La réponse est oui; en Europe, du moins. Les enquêtes nationales sur la toxicomanie, les statistiques des confiscations de narcotiques et les chiffres des cures de désintoxication ne suffisent pas aux spécialistes de la question; ils ont donc décidé de tenter une autre approche. Des projets sont en cours à Nuremberg, Valence et Dublin. Leur but: tenter d’établir une corrélation entre le taux de contamination des billets de banque en euros venant d’être mis en circulation ,et les statistiques de la consommation de cocaïne en Europe. (Le choix de la cocaïne n’est pas anodin: beaucoup de drogués la sniffent à l’aide d’un billet roulé, et ses cristaux s’incrustent parfaitement entre les fibres du papier).
Après avoir récolté plus de 13 000 billets en huit ans, l’équipe allemande a découvert que les billets les plus contaminés provenaient d’Espagne (ce qui est logique: ce pays sert de porte d’entrée à l’importation sud-américaine de cocaïne, et il présente le taux de consommation le plus élevé d’Europe. Selon les estimations, 3% des Espagnols sont consommateurs, contre 2,3% des Américains). Les billets portugais, en revanche, présentent un taux de contamination parmi les plus bas d’Europe; selon les estimations, le Portugal est aussi l’un des plus faibles consommateurs de cocaïne du Vieux Continent. Cette corrélation pourrait s’avérer très utile: les tests sur billets sont moins coûteux et plus rapide à mener que les enquêtes nationales.
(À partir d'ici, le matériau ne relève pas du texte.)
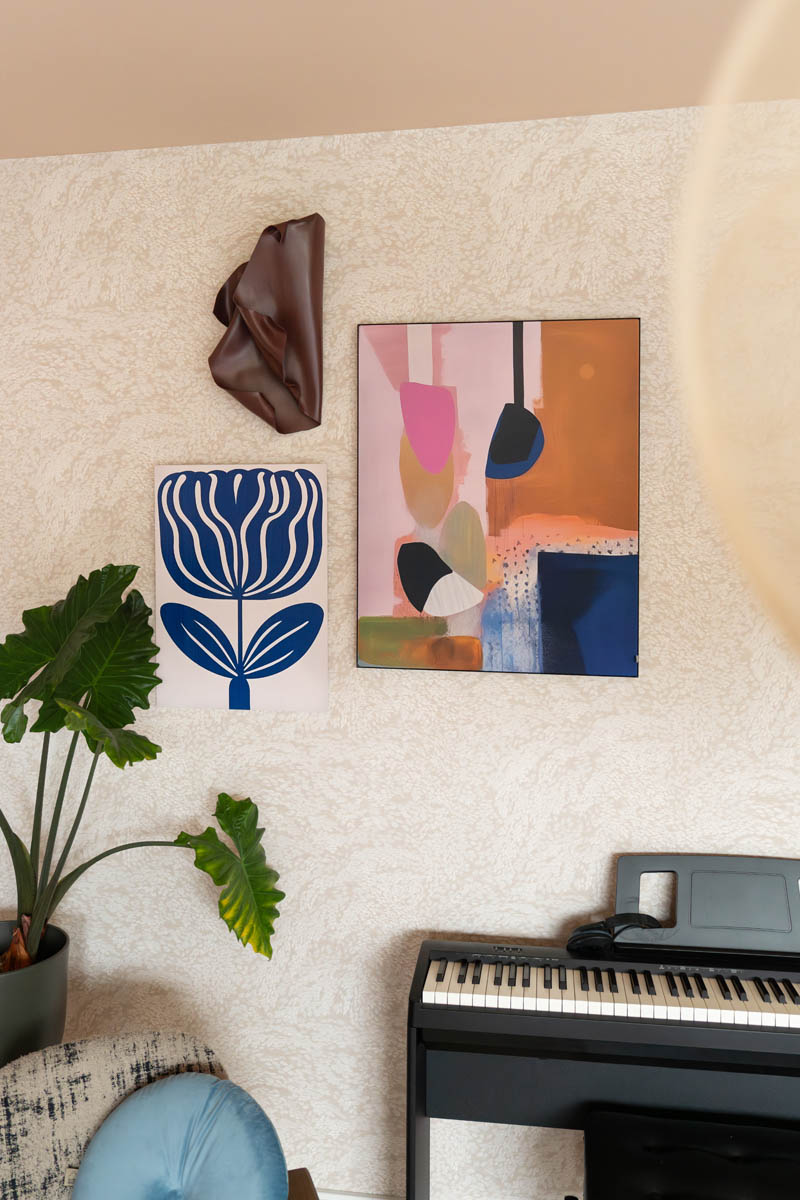 organisch kunstwerk in de kleurrijke make-over van Roy.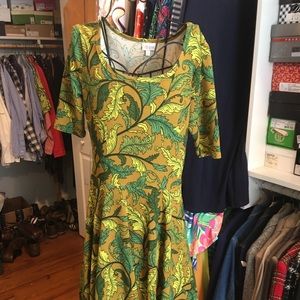 Green Scroll Lularoe Nicole Dress Large Crepe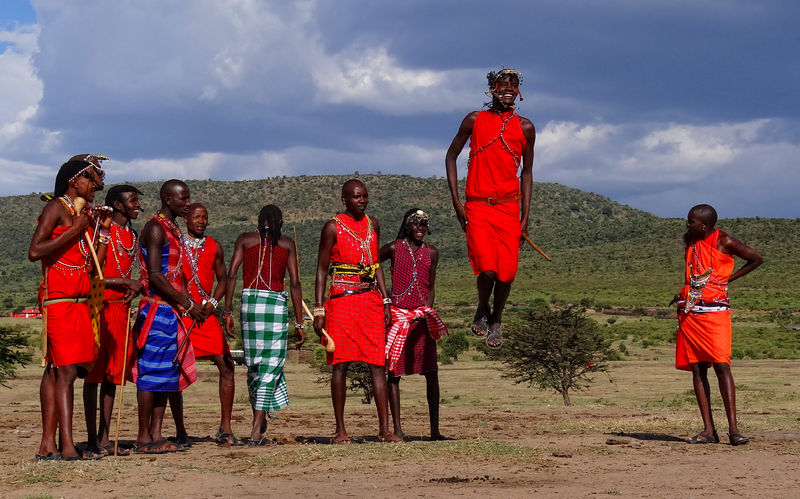 Soubor:Mara-Young-Men-Jumping-2012.jpg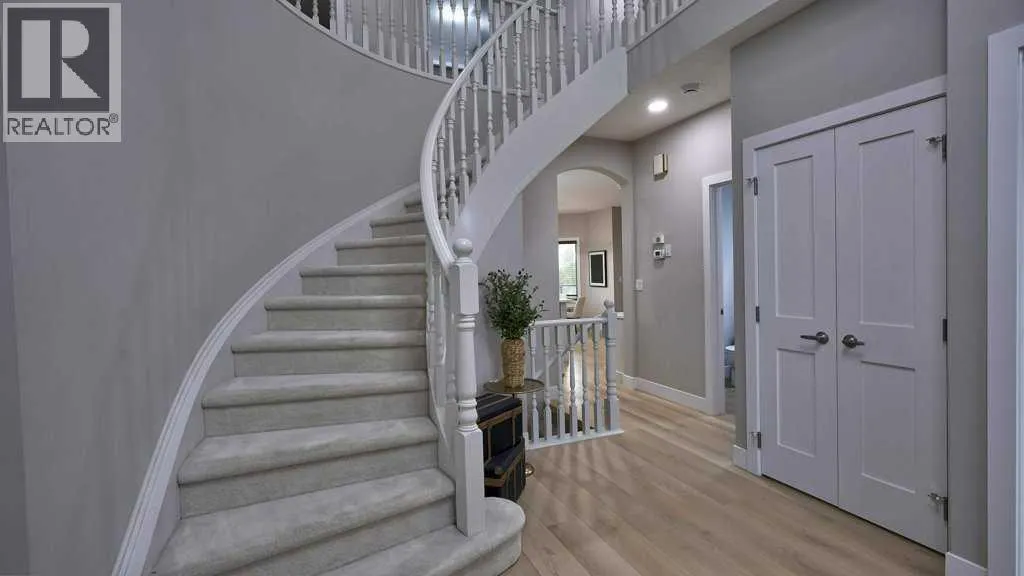 8 Crocus Ridge Point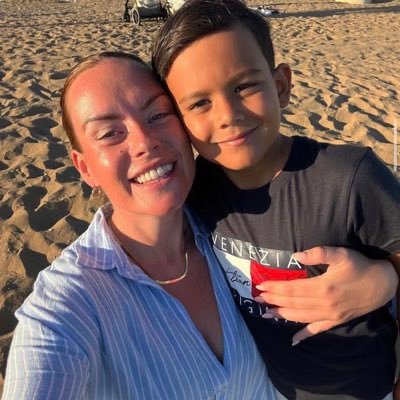 Fashion Designer /Mom to a wonderful boy/ Crypto expert helping people achieve daily success in the comfort of their home through lucrative investment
Aux Etats-Unis, en revanche, il est peu probable que les billets contaminés soient d’une grande aide pour se faire une idée de l’évolution de la consommation. Les études montrent que le taux de consommation de cocaïne décline (ou reste stable) depuis 1993. Or les études menées sur les billets américains (qui remontent à 1989) démontrent que le degré de contamination grimpe. Il y a certes là un problème de méthodologie: les auteurs des études américaines n’ont jamais réussi à s’accorder sur la valeur monétaire des billets analysés, leur nombre et leur provenance. (Les statisticiens d’Europe ont plus de chance: l’euro est une monnaie «propre» et très récente. Les études ont donc un point de départ commun, et leur méthodologie est stable.)
Même si, aux Etats-Unis, l’on ne peut utiliser les billets pour mesurer l’évolution de la consommation de cocaïne, ces études pourraient néanmoins permettre de comparer les taux de consommation d’une région à une autre, comme en Europe. L’étude qui vient d’être rendue publique est la première tentative visant à analyser les taux de contamination nationaux (les expériences précédentes se contentaient d’étudier les billets venus de certaines villes ou Etats).
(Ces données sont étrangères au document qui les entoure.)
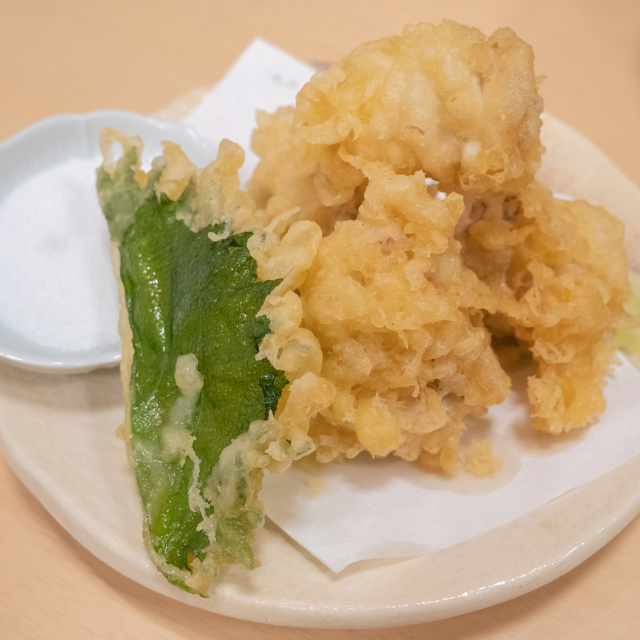 天ぷらを食べた客…突如『身体に現れた症状』に驚愕。店員「どうなってんだ！？」→直後【自分の犯したミス】が発覚し、店員は青ざめる…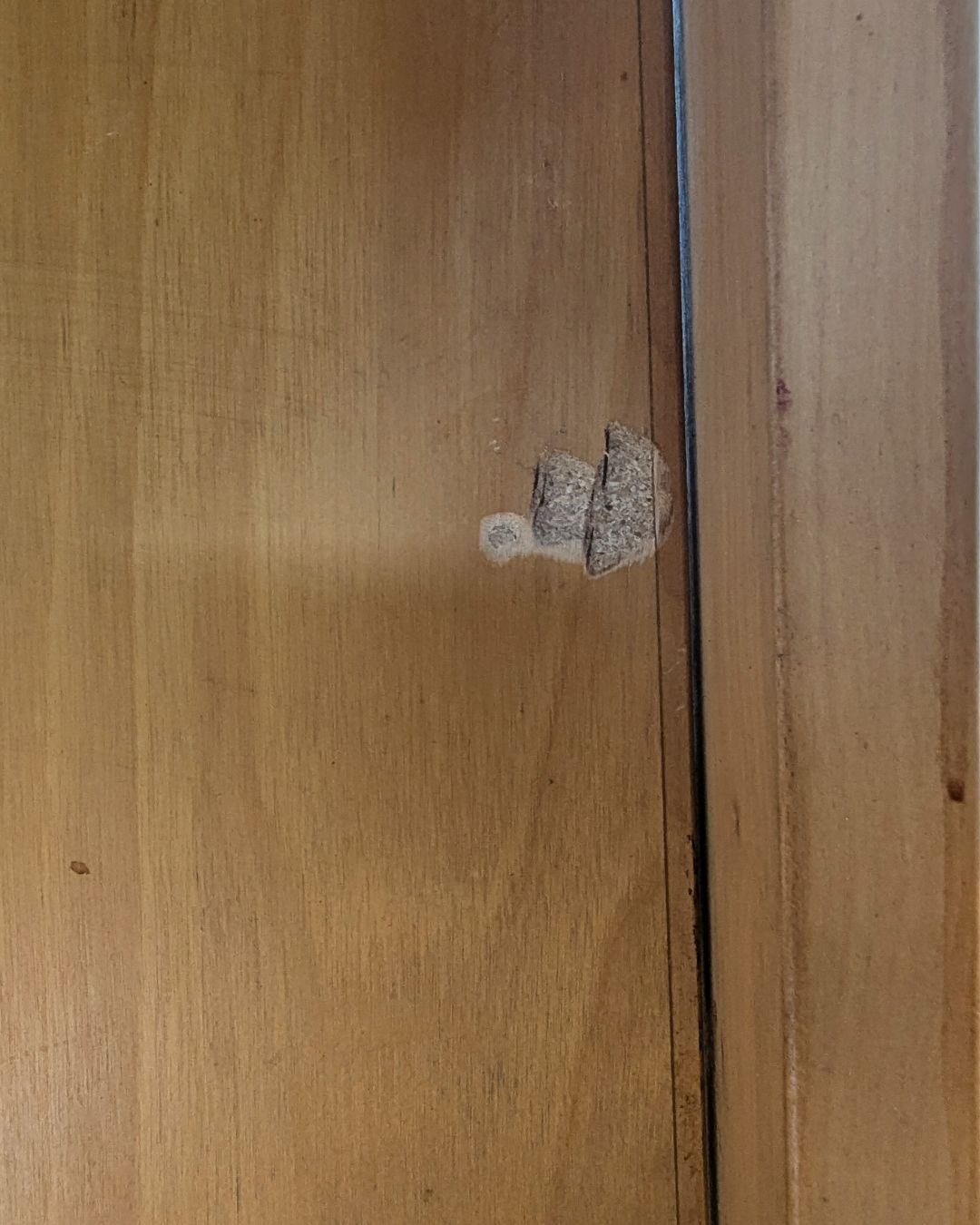 Belle table basse d’inspiration scandinave, au design typique des années 60/70.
Comme on pouvait s’y attendre, les billets les plus contaminés provenaient des grandes zones urbaines (Détroit, Boston et Washington); et les enquêtes montrent que les habitants de ces villes consomment plus de cocaïne qu’ailleurs. Reste que cette étude ne s’appuyait que sur quelques échantillons (234 billets seulement); il faudra donc mener d’autres travaux pour confirmer ces estimations.
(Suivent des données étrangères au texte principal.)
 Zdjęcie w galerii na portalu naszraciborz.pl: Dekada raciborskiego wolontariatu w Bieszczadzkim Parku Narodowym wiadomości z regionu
On pourrait également avoir recours à différentes variables environnementales: une autre présentation faite à la conférence de l’American Chemical Society a ainsi évoqué la possibilité de filtrer les eaux usées pour y déceler les dérivés d’une contamination à la cocaïne. Les Etats-Unis analysent les eaux usées ici ou là depuis 2001, mais la première tentative à grande échelle n’a vu le jour qu’en 2008. Les résultats semblent prometteurs. Ces tests s’avéreront peut-être plus efficaces que la seule analyse des billets: ils permettent en effet d’évaluer la consommation de plusieurs drogues à la fois.